Billionaire entrepreneur Ted Turner is pretty sure that global warming will mean the end of land-based food crops. Speaking to Charlie Rose during a recent PBS television interview, Turner predicted that, “We’ll be eight degrees hotter in... not ten but 30 or 40 years and basically none of the crops will grow,” says Turner. “Most of the people will have died and the
rest of us will be cannibals.”
As a joke this would be pretty feeble, but it seems Turner was serious. In the hour-long interview with Rose last month, Turner claimed that failure to address global warming would mean the breakdown of civilization. “The few people left will be living in a failed state,” says Turner, “like Somalia or Sudan, and living conditions will be intolerable. The droughts will be so bad there’ll be no more corn grown.”

We can’t speak for everyone, but we’re pretty sure the employees of Fishermen’s News will exhaust all other options before resorting to cannibalism.
While Turner was making his dire predictions, a group of NOAA scientists had traveled to Ghana to teach 40 government officials and university students to become trained marine resource observers, able to provide scientific data needed to manage their fish stocks. The information will provide crucial scientific information about fish stocks and bycatch to Ghana and to international organizations, such as the International Commission for the Conservation of Atlantic Tunas.

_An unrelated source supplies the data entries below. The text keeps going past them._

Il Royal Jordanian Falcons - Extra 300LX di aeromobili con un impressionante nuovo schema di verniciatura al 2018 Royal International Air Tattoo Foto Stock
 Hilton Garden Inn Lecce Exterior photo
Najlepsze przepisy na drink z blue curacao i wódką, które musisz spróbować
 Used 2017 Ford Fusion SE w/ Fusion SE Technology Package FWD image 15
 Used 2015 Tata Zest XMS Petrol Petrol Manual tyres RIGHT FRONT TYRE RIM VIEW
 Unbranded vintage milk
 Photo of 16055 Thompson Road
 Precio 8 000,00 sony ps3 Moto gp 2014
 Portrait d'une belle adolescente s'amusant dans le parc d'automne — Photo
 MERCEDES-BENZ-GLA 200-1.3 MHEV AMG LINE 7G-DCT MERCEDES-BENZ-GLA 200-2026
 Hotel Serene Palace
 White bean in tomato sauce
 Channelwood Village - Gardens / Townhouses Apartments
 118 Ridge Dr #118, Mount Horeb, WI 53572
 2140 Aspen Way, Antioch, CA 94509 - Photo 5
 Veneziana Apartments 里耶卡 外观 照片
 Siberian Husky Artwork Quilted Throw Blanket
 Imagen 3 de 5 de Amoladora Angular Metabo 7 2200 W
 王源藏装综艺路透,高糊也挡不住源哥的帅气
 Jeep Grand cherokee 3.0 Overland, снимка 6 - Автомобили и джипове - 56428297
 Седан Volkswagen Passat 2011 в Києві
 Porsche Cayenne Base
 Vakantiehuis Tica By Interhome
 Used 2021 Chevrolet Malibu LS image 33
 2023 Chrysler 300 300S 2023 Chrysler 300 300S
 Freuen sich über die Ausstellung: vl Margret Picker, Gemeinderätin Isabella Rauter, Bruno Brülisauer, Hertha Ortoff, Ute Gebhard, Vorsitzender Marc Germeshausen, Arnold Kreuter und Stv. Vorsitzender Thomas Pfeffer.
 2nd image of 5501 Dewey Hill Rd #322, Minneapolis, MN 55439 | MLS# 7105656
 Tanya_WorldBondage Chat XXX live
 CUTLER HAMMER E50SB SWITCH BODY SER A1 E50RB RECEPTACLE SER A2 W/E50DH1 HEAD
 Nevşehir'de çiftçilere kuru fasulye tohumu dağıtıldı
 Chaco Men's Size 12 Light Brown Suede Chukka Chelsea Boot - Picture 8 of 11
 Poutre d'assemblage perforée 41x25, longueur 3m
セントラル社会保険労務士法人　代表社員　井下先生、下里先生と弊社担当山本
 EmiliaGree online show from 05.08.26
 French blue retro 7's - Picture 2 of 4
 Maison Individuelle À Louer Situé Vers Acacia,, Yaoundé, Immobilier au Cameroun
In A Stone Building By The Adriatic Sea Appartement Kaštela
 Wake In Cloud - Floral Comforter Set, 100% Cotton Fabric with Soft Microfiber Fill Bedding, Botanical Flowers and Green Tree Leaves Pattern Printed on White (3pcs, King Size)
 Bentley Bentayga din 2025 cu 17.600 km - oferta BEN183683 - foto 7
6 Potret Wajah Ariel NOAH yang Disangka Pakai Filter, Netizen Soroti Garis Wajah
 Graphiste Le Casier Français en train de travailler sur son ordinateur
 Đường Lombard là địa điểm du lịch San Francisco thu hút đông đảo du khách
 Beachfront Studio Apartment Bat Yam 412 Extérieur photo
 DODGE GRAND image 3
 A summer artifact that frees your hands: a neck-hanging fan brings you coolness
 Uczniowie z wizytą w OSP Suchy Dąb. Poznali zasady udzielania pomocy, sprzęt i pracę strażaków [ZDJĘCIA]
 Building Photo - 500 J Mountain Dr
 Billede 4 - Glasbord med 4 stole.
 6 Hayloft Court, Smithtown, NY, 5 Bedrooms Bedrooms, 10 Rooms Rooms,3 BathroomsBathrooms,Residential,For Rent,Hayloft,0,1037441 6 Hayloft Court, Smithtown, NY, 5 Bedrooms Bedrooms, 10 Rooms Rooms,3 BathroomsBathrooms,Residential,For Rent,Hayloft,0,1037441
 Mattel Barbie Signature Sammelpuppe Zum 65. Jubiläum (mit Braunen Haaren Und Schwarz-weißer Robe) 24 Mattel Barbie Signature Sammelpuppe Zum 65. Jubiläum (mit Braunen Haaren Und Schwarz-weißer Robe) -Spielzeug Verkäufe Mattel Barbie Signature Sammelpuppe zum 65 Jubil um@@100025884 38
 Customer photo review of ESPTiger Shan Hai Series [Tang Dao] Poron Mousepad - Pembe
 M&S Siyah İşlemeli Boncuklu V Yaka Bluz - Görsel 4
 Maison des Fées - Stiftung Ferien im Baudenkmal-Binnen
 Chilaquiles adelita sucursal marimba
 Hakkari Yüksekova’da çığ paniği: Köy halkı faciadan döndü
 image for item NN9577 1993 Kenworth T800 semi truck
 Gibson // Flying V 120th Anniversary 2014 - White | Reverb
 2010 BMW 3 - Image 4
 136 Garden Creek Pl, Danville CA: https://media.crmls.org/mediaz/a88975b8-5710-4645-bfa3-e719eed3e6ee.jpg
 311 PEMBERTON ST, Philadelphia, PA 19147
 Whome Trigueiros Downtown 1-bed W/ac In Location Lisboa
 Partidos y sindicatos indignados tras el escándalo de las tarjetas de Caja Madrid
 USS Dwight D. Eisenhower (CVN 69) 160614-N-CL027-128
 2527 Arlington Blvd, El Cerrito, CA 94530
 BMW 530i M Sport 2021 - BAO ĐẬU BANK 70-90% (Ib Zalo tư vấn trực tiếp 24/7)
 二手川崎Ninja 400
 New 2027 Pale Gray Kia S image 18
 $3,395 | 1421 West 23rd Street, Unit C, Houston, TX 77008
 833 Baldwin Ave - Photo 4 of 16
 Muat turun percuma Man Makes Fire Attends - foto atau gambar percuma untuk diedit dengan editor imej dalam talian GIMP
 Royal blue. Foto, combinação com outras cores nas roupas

The US Navy will provide training space on board the HSV Swift (high speed transportation vessel). The vessel will be used as a teaching platform where the students will learn how to spend time as observers on fishing boats, identifying and counting species of fish, recording marine mammal sightings, and learning how to unhook and free sea turtles and sea birds that may get
caught in fishing gear.
“We feel privileged we were invited to share our expertise with our colleagues from Ghana,” said Jim Balsiger, acting director of NOAA’s Fisheries Service. “More and more we find that our marine ecosystems are linked together, so the better quality data we can collect and share, the
better we can manage our fisheries together.”
This training mission is part of the Magnuson-Stevens Fishery Conservation and Management Act commitment to enhance international cooperation in fishery management by improving the monitoring and compliance with international fishing regulations.
Marine observers work on fishing vessels throughout the world collecting information about the amount of fish being caught and about interactions with marine mammals, sea turtles and sea birds. More than 50 different observer programs operate in the world’s oceans. Scientists use the
information collected by observers for fishery management programs.
“We’ll expand training programs into other nations in West Africa, later this year,” Balsiger said. “We are hoping to use this program as a model around the world.”
Turner’s prediction seems to be premature.